4.4 De voorzieningenrechter ziet ook geen aanleiding bij wijze van ordemaatregel, vooruitlopend op een beslissing in de bodemprocedure, de vordering van de gemeente toe te wijzen in die zin dat [gedaagden] in ieder geval veroordeeld worden tot het inkorten van hun steiger tot 60 centimeter (als het mindere wat in het meerdere van de vordering besloten ligt). Het door de gemeente aangevoerde spoedeisend belang bij haar vordering, voornamelijk bestaande uit de vrees voor het verlies van rechten en precedentwerking, maakt naar het oordeel van de voorzieningenrechter niet dat de uitkomst van een bodemprocedure in de onderhavige procedure niet kan worden afgewacht en een onmiddellijke voorziening vereist is.

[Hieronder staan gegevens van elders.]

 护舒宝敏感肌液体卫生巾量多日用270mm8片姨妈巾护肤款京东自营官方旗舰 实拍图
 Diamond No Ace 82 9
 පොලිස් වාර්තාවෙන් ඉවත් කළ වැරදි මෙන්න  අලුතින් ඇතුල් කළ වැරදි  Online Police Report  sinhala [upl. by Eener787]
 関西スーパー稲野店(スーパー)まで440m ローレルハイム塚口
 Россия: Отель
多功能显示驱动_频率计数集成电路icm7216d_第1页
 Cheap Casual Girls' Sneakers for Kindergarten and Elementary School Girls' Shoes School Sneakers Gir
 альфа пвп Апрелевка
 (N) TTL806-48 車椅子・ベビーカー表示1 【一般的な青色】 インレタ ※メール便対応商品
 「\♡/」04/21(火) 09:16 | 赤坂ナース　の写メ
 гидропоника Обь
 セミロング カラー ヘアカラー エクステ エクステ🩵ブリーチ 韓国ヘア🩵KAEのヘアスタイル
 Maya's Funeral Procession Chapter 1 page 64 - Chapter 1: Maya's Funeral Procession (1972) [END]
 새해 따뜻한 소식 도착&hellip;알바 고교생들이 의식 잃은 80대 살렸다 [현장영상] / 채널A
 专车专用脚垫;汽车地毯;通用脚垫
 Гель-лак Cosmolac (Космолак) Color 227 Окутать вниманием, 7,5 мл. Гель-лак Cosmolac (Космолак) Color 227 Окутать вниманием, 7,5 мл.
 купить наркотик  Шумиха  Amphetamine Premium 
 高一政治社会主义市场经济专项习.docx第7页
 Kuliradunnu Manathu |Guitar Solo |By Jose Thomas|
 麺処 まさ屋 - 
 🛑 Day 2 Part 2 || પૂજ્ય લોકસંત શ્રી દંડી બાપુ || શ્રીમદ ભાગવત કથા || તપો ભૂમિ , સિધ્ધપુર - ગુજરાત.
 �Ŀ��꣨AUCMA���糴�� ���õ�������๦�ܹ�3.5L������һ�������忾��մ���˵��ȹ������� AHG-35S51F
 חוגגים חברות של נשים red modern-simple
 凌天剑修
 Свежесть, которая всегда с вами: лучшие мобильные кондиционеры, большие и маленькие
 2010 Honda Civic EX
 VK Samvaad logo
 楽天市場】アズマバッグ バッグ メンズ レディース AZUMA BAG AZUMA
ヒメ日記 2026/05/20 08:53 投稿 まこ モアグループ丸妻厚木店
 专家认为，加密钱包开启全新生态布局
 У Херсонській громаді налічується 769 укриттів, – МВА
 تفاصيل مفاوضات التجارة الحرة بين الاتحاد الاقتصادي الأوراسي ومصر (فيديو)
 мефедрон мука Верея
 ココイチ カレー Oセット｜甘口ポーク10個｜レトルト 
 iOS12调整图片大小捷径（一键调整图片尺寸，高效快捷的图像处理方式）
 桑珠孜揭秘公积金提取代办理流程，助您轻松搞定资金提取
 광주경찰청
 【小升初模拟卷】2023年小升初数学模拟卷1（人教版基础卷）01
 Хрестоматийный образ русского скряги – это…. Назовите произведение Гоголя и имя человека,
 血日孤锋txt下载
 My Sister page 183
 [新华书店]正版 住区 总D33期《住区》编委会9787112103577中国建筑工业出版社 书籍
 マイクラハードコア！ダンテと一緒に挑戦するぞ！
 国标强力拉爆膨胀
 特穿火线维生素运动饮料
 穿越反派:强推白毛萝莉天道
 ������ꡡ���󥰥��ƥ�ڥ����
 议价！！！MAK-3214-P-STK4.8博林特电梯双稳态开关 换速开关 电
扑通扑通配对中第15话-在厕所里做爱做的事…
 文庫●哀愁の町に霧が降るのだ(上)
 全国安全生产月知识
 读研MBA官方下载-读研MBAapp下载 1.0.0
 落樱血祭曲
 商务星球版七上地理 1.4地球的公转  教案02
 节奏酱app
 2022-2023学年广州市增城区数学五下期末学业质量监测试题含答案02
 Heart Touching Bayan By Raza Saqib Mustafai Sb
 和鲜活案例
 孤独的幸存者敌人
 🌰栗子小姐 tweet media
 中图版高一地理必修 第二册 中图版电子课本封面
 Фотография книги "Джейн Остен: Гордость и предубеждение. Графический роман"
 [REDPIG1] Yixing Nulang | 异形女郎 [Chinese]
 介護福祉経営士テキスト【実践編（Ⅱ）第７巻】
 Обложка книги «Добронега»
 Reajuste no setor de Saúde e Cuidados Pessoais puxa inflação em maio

4.5 De gemeente zal als de in het ongelijk gestelde partij worden veroordeeld in de kosten van dit geding.
In reconventie
4.6 Nu de voorwaarde waaronder de reconventionele vordering was ingesteld niet is vervuld, behoeft deze vordering geen nadere behandeling.
5. DE BESLISSING
De voorzieningenrechter:
- weigert de gevorderde voorziening;
- veroordeelt de gemeente in de kosten van het geding, tot op heden aan de zijde van [gedaagden] begroot op [euro] 254,-- aan verschotten en op [euro] 816,- aan salaris advocaat.
Gewezen door mr. H. Warnink, voorzieningenrechter van de Rechtbank te Alkmaar en uitgesproken ter openbare terechtzitting van 23 oktober 2008 in tegenwoordigheid van C. Vis-van Zanden, griffier.